- EXERCISE DATA -
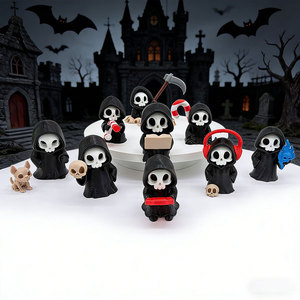 Nuevas Figuras Decorativas de la Parca Estilo Q, Impresas en 3D con Material PLA, Adornos Creativos y Divertidos para Halloween - Product Image 2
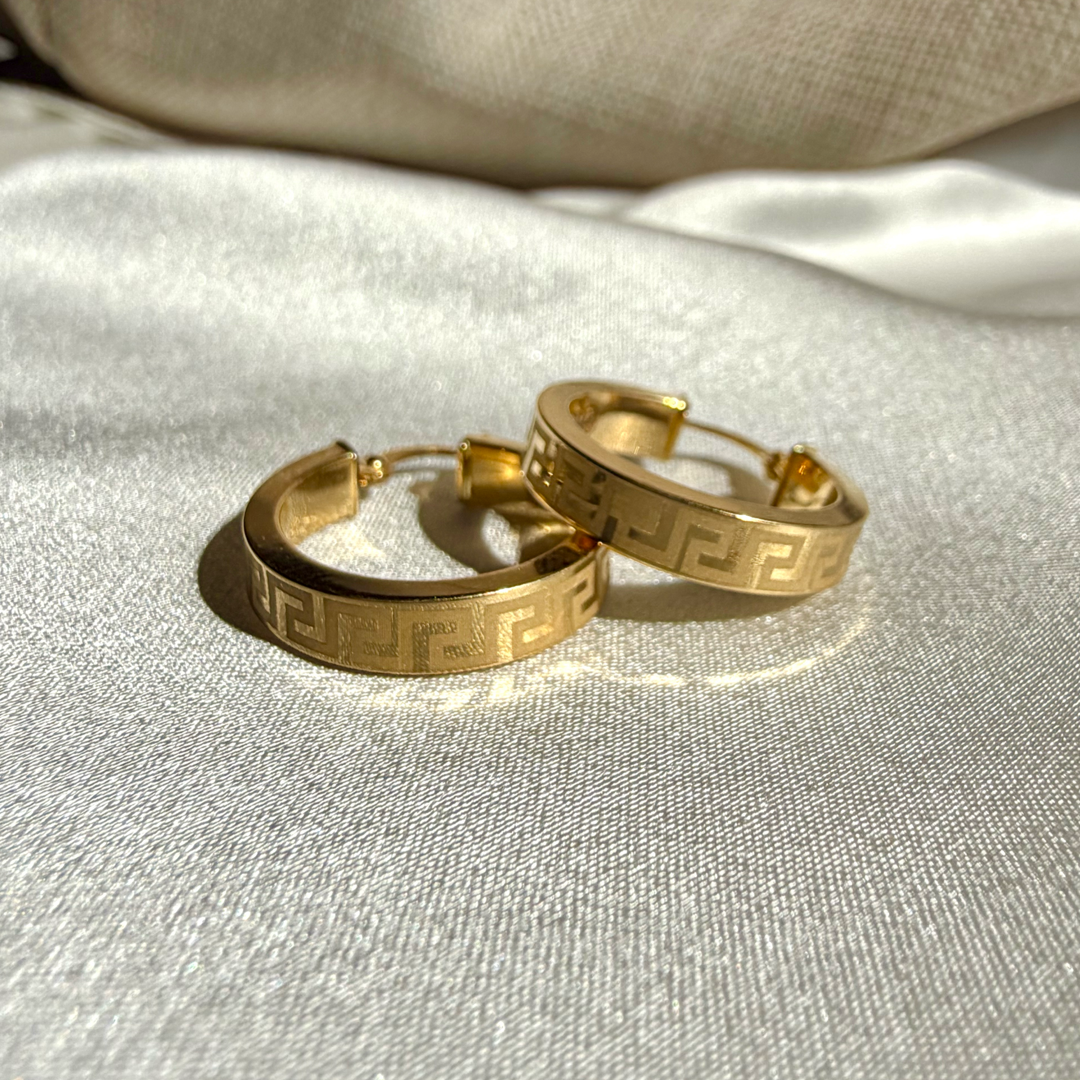 Thick Meander Hoops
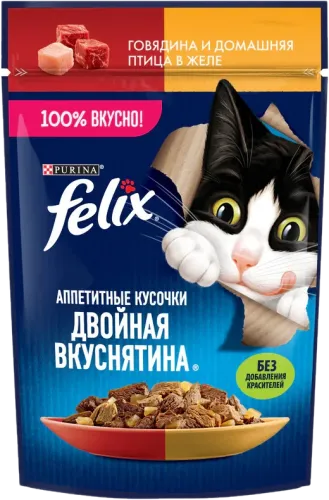 Корм для кошек Говядина и Птица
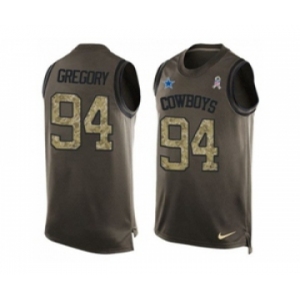 Nike Dallas Cowboys #94 Randy Gregory Green Men's Stitched NFL Limited Salute To Service Tank Top Jersey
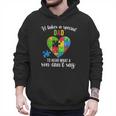 Fun Heart Puzzle Shirts Dad Autism Awareness Family Support Men Hoodie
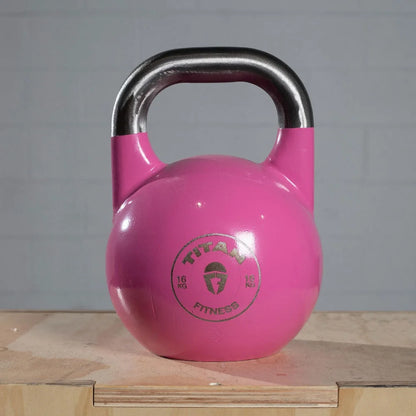 16 KG Competition Kettlebell, Single Piece Casting, KG Markings, Full Body Workout
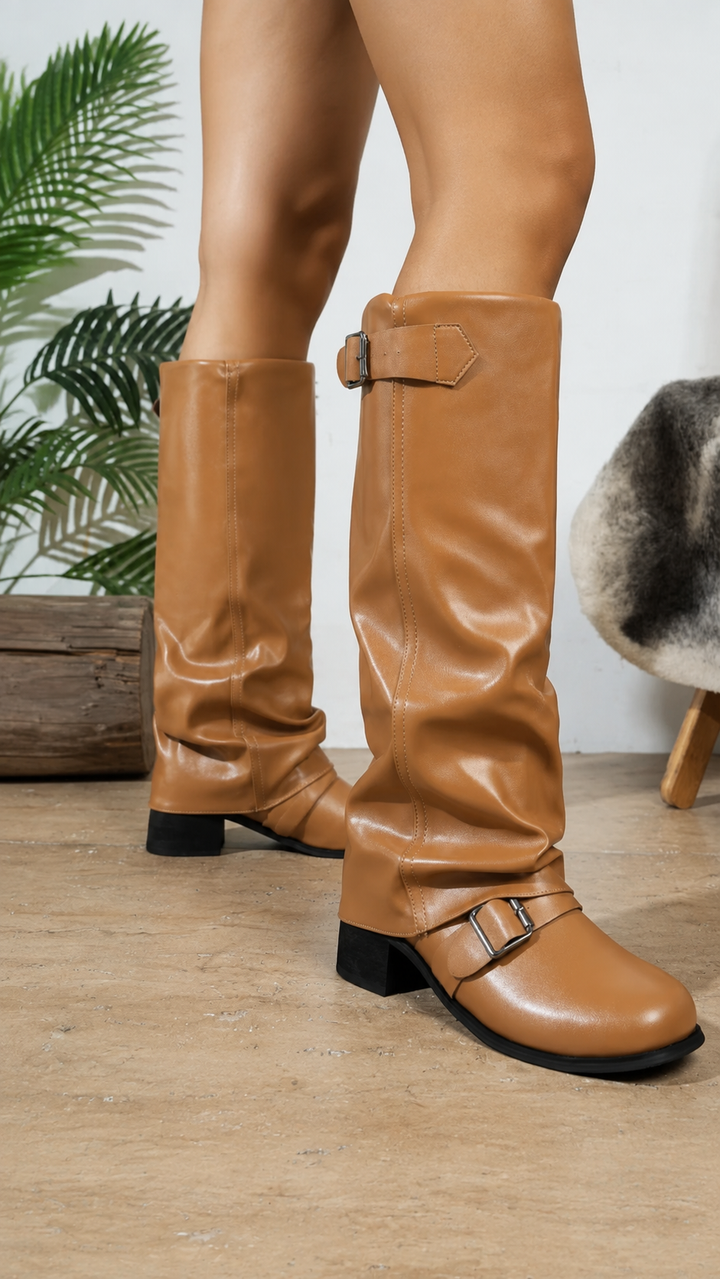 Midnight Renegade™ Buckled Riding Boots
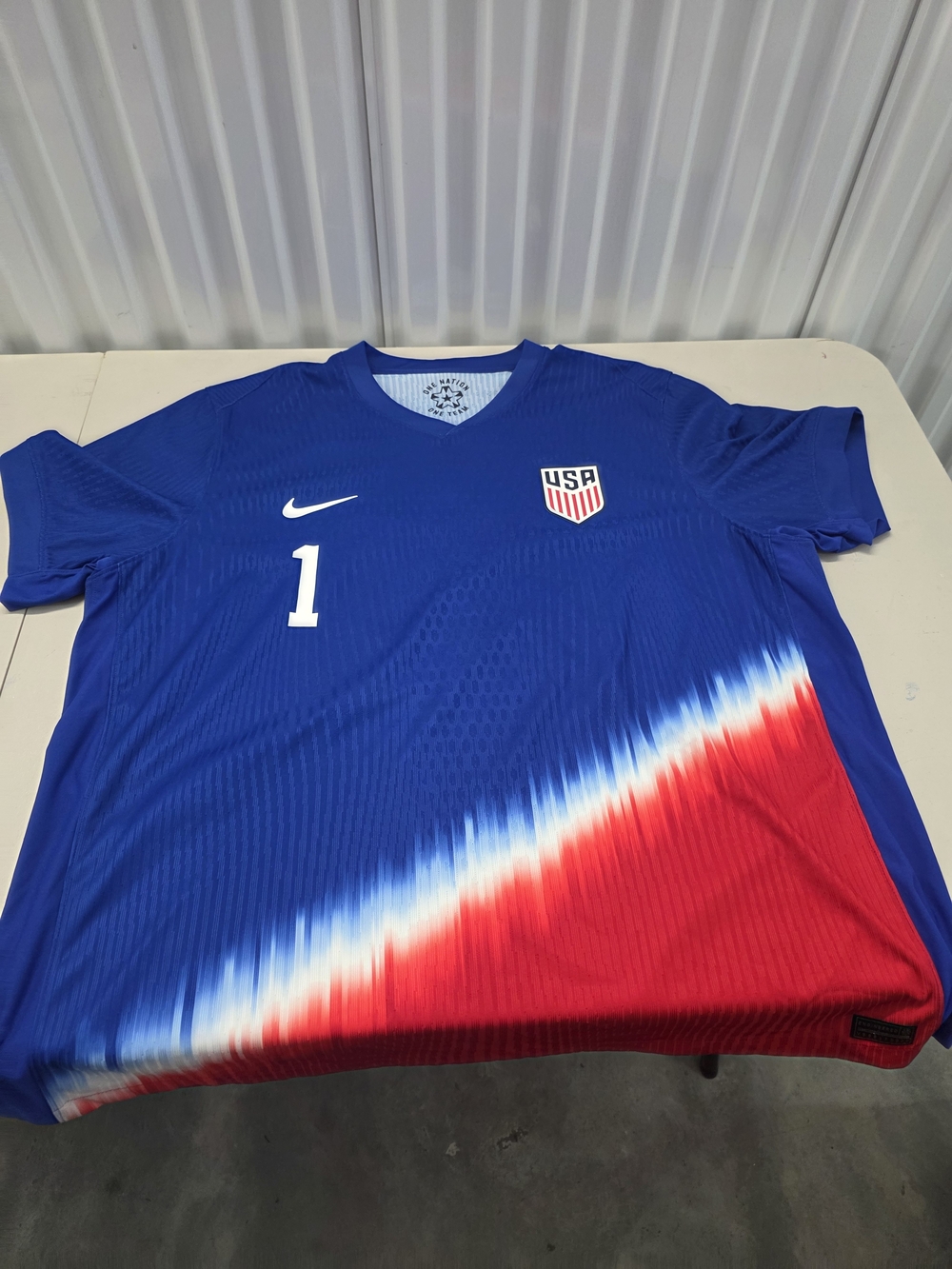 Nike USA Soccer Jersey Mens 3XL Blue Red Dri-FIT One Nation NWOT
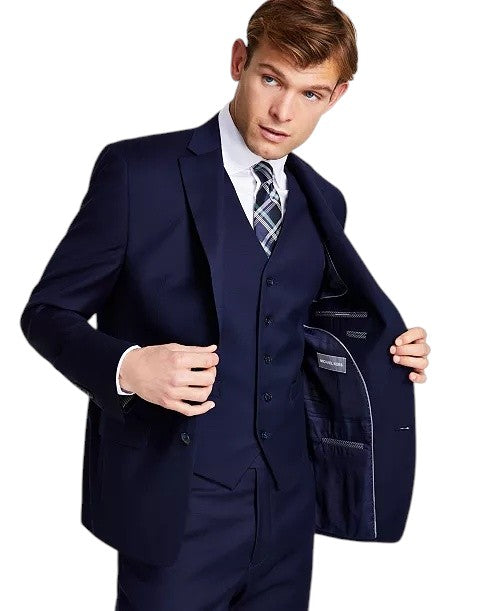 Michael Kors Mens Classic fit Wool Suit Jacket Blazer 48 R Navy Blue Solid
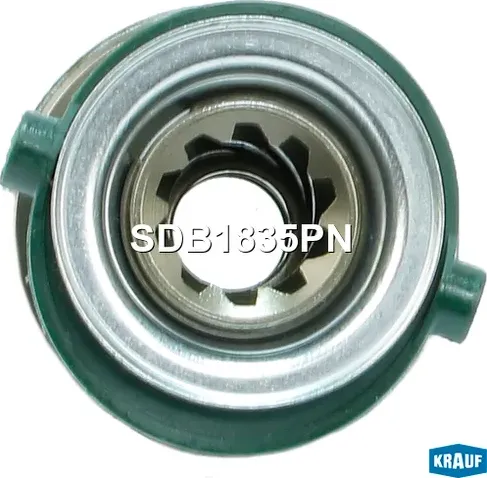 SDB1835PN_бендикс стартера !10z CR D28 L50 10шл./ MB W169/W245/Vaneo 1.6CDi-2.0C Krauf. Артикул SDB1835PN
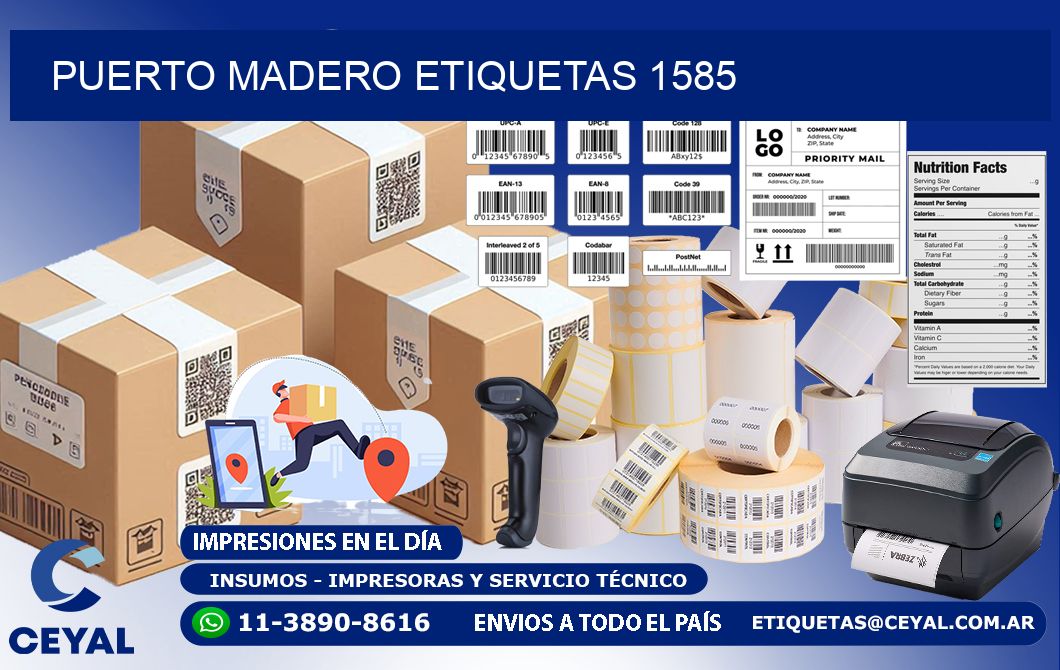 Puerto Madero etiquetas 1585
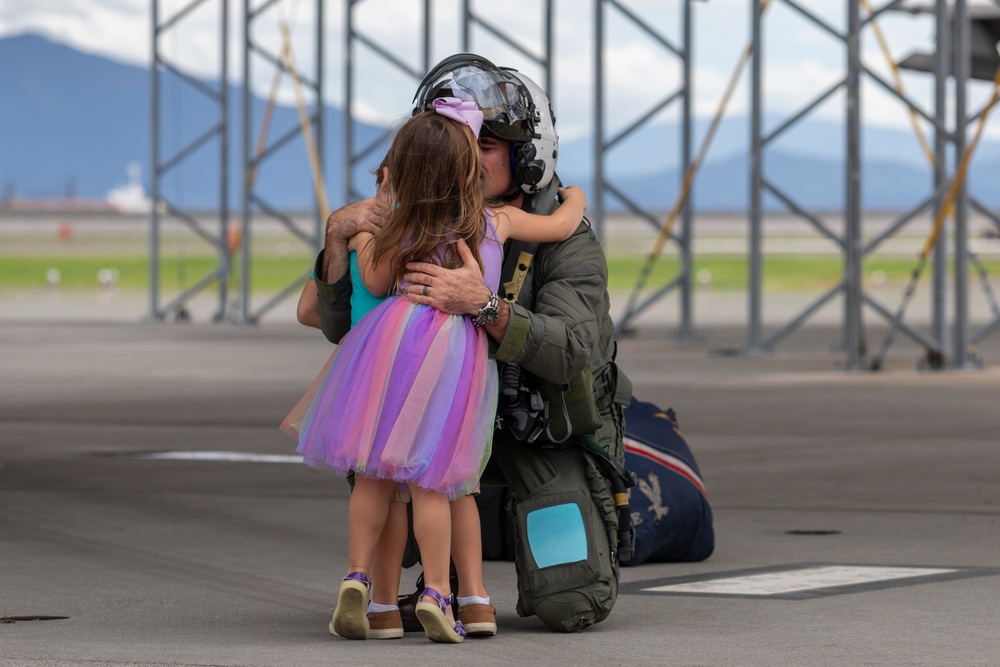 Marine Fighter Attack Squadron 242 returns from four-month deployment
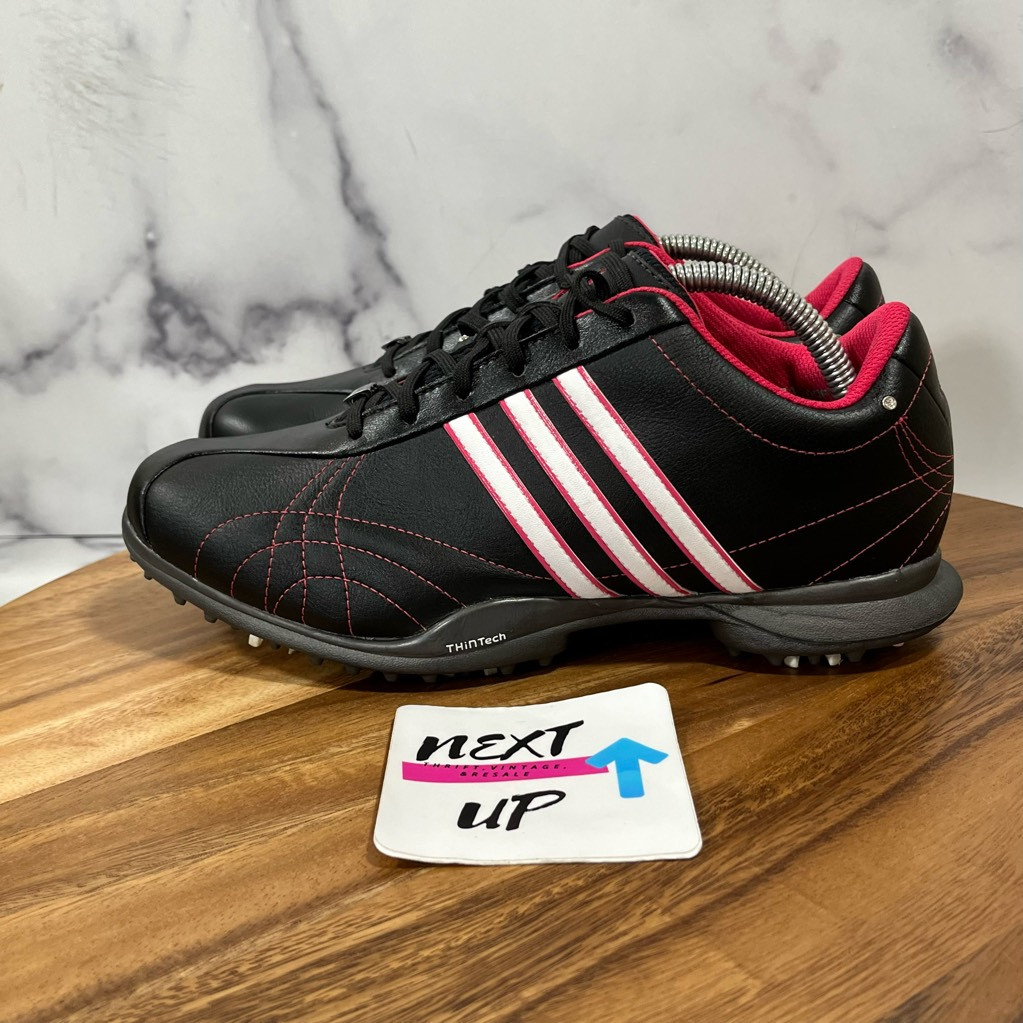 Adidas Women’s Natalie Golf Shoes Black Leather Lace … Gem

- ACTION ITEM -
Beginning with the line that includes "Marine Fighter Attack" and ending with the last line of the material, reproduce those lines exactly and nothing else, with no pictures.

- ANSWER TO THIS EXERCISE -
 Marine Fighter Attack Squadron 242 returns from four-month deployment
 Adidas Women’s Natalie Golf Shoes Black Leather Lace … Gem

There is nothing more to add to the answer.